## Problem details
All lines of the following material must be written out exactly as they appear.

## Data below

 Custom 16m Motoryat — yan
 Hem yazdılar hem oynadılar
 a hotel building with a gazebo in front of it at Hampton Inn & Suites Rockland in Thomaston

## Response area
 Custom 16m Motoryat — yan
 Hem yazdılar hem oynadılar
 a hotel building with a gazebo in front of it at Hampton Inn & Suites Rockland in Thomaston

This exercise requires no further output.